I was involved in three efforts to commercialize foundation models before they were ready in the 2010s so I have a good picture of how progress works at this sort of thing and the pace a lot of the industry has been talking about is unrealistic: like people were disappointed with the rate of development of Apple Intelligence but it's actually progressed at about the rate I expected.
Is that a problem for Meta though? They recently announced they're going to sell their excess compute, so I imagine the actual problem is they're resorting to doing that because AI isn't having nearly the effect/usage it was supposed to and now Zuck is being a sore winner about it
It will scale inefficiently until efficiency breakthroughs occur, but it's really hard to predict when those breakthroughs will happen. Plan on the worst, but be ready and capable of capitalizing when it happens!
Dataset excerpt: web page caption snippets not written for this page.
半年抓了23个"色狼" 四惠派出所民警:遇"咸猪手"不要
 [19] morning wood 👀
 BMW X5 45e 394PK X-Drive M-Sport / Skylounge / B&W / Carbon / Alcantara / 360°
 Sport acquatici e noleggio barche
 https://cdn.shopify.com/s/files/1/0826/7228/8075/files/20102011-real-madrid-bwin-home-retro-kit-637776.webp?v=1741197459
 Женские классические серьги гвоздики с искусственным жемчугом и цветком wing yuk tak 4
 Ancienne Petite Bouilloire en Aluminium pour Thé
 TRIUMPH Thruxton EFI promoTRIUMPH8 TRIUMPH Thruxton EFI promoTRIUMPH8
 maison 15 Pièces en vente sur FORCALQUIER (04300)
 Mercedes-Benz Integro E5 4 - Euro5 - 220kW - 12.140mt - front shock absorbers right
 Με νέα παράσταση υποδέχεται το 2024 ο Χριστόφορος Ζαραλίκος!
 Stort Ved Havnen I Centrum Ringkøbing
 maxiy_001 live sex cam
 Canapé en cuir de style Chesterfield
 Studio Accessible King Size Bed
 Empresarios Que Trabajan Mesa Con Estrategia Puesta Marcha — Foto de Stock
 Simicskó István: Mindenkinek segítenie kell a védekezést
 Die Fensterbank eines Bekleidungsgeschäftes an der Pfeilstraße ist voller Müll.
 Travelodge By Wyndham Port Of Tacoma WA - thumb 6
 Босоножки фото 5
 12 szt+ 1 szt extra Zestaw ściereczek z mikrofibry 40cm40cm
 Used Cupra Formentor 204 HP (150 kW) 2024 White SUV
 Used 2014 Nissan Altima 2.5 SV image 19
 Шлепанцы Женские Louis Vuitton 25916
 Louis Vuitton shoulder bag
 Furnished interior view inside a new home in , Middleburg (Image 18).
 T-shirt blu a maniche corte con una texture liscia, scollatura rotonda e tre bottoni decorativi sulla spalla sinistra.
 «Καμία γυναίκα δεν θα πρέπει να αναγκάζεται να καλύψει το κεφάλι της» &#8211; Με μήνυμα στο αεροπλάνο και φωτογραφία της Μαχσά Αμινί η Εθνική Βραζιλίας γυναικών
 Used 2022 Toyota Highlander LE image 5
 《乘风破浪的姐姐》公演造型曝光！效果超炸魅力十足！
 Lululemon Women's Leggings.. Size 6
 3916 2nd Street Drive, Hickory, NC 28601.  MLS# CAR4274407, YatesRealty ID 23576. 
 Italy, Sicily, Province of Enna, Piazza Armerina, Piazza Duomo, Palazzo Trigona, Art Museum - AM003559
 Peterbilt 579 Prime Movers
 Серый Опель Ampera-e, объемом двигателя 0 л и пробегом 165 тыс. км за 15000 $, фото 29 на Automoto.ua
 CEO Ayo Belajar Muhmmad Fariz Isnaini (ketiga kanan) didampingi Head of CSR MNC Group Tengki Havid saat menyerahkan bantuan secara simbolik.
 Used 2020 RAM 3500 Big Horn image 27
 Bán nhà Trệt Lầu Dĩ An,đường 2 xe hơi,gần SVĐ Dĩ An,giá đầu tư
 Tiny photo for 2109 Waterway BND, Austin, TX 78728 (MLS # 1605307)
That seems like such an easy thing to estimate with a bit of basic napkin math.
I thought thats exactly what everyone anticipates? "Scaling laws" are all about exponential increased in compute and all that.
Altman was trying to get $1T of infra investment years ago
And yet this doesn't turn out to be Meta's problem at all.
https://uk.pcmag.com/ai/165970/meta-exploring-option-to-sell...
Meta bought too many GPUs, has spare GPU capacity and they are exploring renting that capacity out.
The problem is not that the models need too much to do the job. If that were the case, Meta would not have spare capacity.
The problem is that the models currently can't be made to do the job.
Did we? Many of us have been saying that the amount of compute going into the models is unsustainable and that the models aren’t improving enough to justify that for over a year. The emperor has no clothes is true yet again.
They also believed they would be able to build that compute without restrictions. Between hardware costs and massive public opposition, scaling as they had anticipated is in jeopardy.
Bonkers compute only in the beginning. Over time it'll reduce as models are made more efficient.
No I don't think there was any systemic underestimation of compute. I see the opposite - every company understands compute is important and tries to get hold of it.
More than that, I think people overestimate how much AI will progress as you throw more compute at it. It’s the “9 women can’t deliver a baby in a month” equivalent of AI. Additional compute won’t magically give you AGI.